I attended the SPIE meeting on Astronomical Telescopes and Instrumentation in Edinburgh, Scotland from June 26 through July 1, and I am sharing my views on the conference presentations. Approximately 2,000 astronomers, software engineers and instrumentation specialists crowded the Edinburgh International Conference Center (EICC) for the week. You can see a detailed review of the meeting and a large collection of photographs on the SPIE web page. Parts of this post are based on the SPIE review.
Tim Jenness described the challenges of handling large amounts of data and efforts of the LSST team to join the Astropy community leveraging and contributing to those software packages within the confines set by current funding limits and methodologies. Marco Molinaro shared the results of his team’s EU-FP7 program, VIALACTEA, which provides an infrastructure for handling and manipulating diverse datasets into a more homogeneous database. I described work at the Keck Observatory Archive using R-tree indexing schemes to enable fast, more efficient searches of solar system objects.

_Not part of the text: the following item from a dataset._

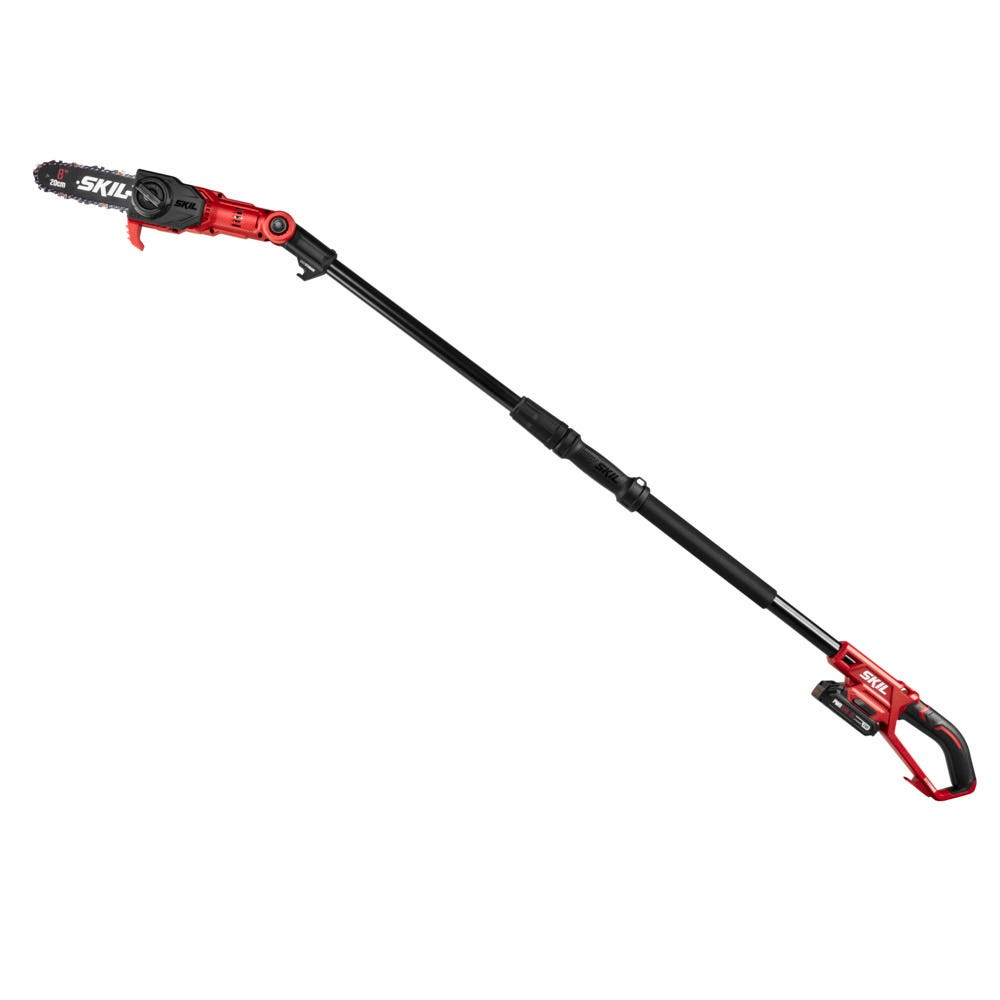 SKIL PWR CORE 20™ 8 IN. Pole Saw Kit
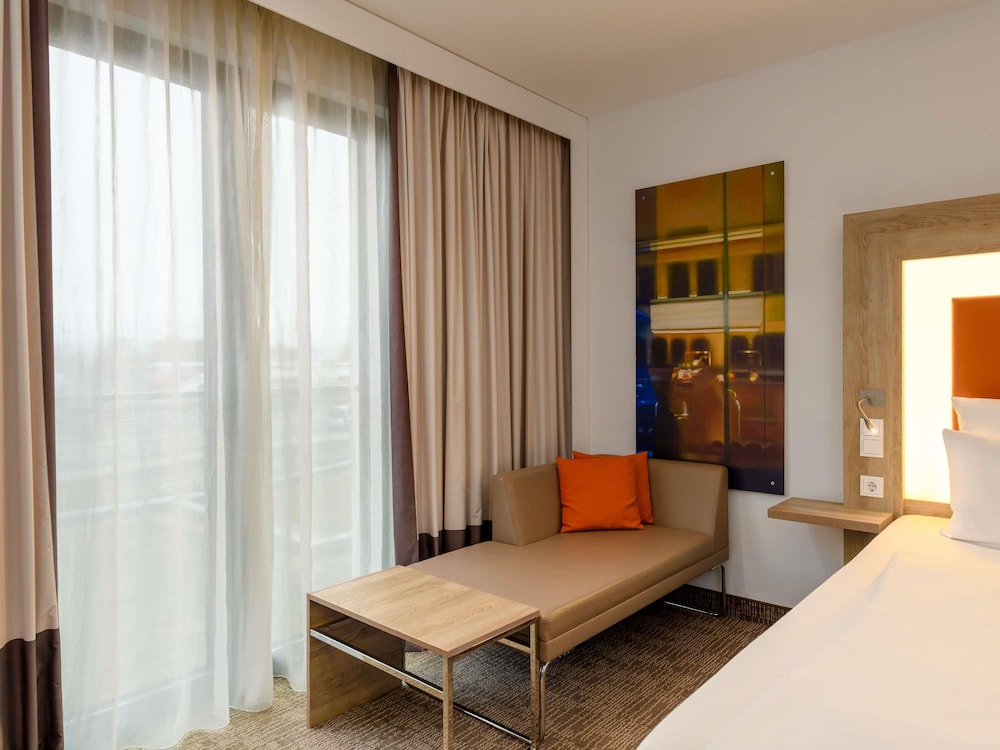 Novotel Nuernberg Centre Ville 54/71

My favorite talk was by Asher Baltzell, who discussed a cloud-based data reduction scheme applied to Magellan AO (MagAO) images and the resulting development of a free cyberinfrastructure for community use. The MagAO system featured prominently at the meeting. See the presentations in the MagAO blog at https://visao.as.arizona.edu/uncategorized/magao-at-2016-spie-astronomical-telescopes-instrumentation/.
See the SPIE review for excellent talks on gravitational waves, the operation of the Large Millimeter Telescope (LMT), and four NASA Science Technology Definition Teams presentations on submissions for the Decadal 2020 survey, among others.
The conference reconvenes in 2018 in Austin, Texas.